Work instruction: Copy the entries below word for word, minus the pictures.

Source data:
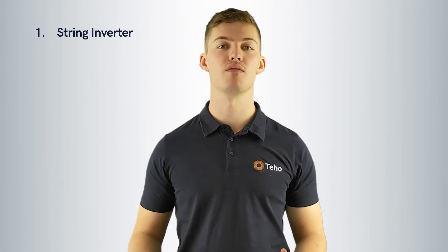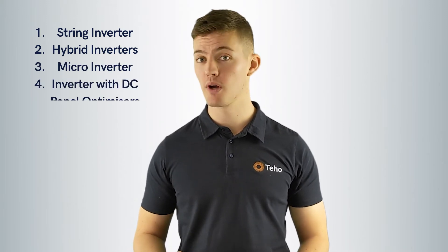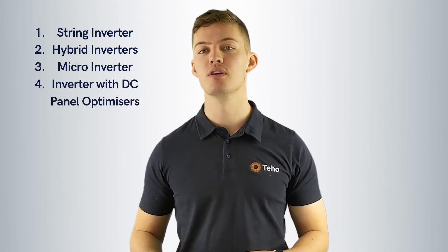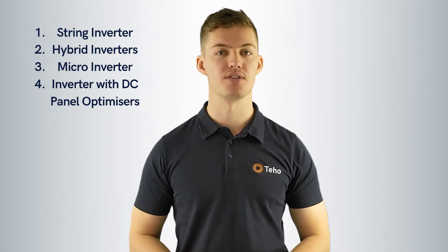There are four product options available in Australia. The first one, a string inverter. Number two, a hybrid inverter. The third one, micro inverters. And number four, an inverter with DC panel optimizers.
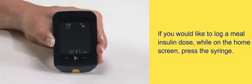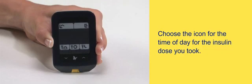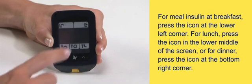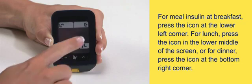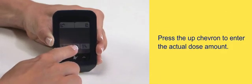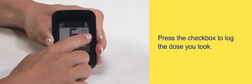If you would like to log a meal insulin dose, while on the home screen, press the syringe. Choose the icon for the time of day for the insulin dose you took. For meal insulin at breakfast, press the icon at the lower left corner. For lunch, press the icon in the lower middle of the screen. For dinner, press the icon at the bottom right corner. Press the up chevron to enter the actual dose amount, then press the checkbox to log the dose.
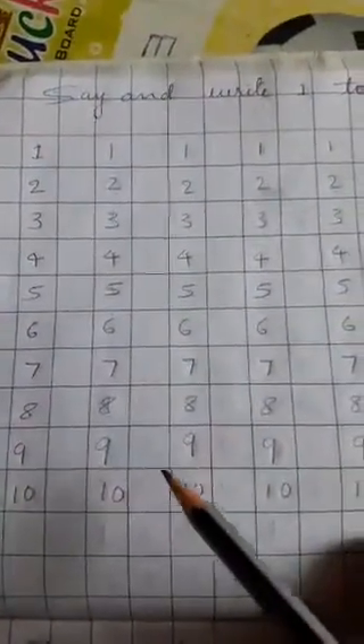All of you open your maths box book. All of you open your maths notes. Today's maths class is there.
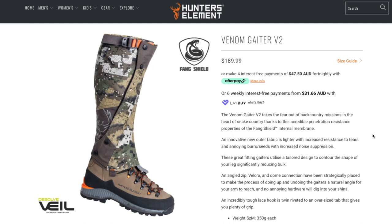Hunter's Elements dropped the Venom Gator V2 recently, so here's my review on it.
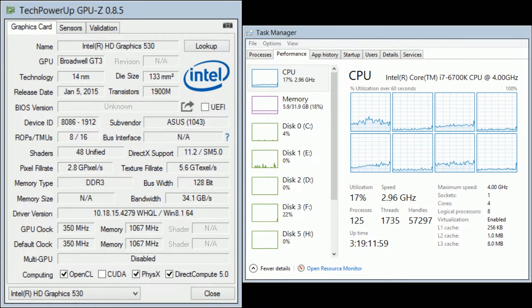So before we get into the benchmark results, let's go over the specifications of my system first. I'm running the brand new Intel Core i7-6700K processor at 4 gigahertz, non-overclocked, and that's combined with 32 gigabytes of 2133 megahertz DDR4 RAM.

Response for this exercise:
There are four product options available in Australia. The first one, a string inverter. Number two, a hybrid inverter. The third one, micro inverters. And number four, an inverter with DC panel optimizers.
If you would like to log a meal insulin dose, while on the home screen, press the syringe. Choose the icon for the time of day for the insulin dose you took. For meal insulin at breakfast, press the icon at the lower left corner. For lunch, press the icon in the lower middle of the screen. For dinner, press the icon at the bottom right corner. Press the up chevron to enter the actual dose amount, then press the checkbox to log the dose.
All of you open your maths box book. All of you open your maths notes. Today's maths class is there.
Hunter's Elements dropped the Venom Gator V2 recently, so here's my review on it.
So before we get into the benchmark results, let's go over the specifications of my system first. I'm running the brand new Intel Core i7-6700K processor at 4 gigahertz, non-overclocked, and that's combined with 32 gigabytes of 2133 megahertz DDR4 RAM.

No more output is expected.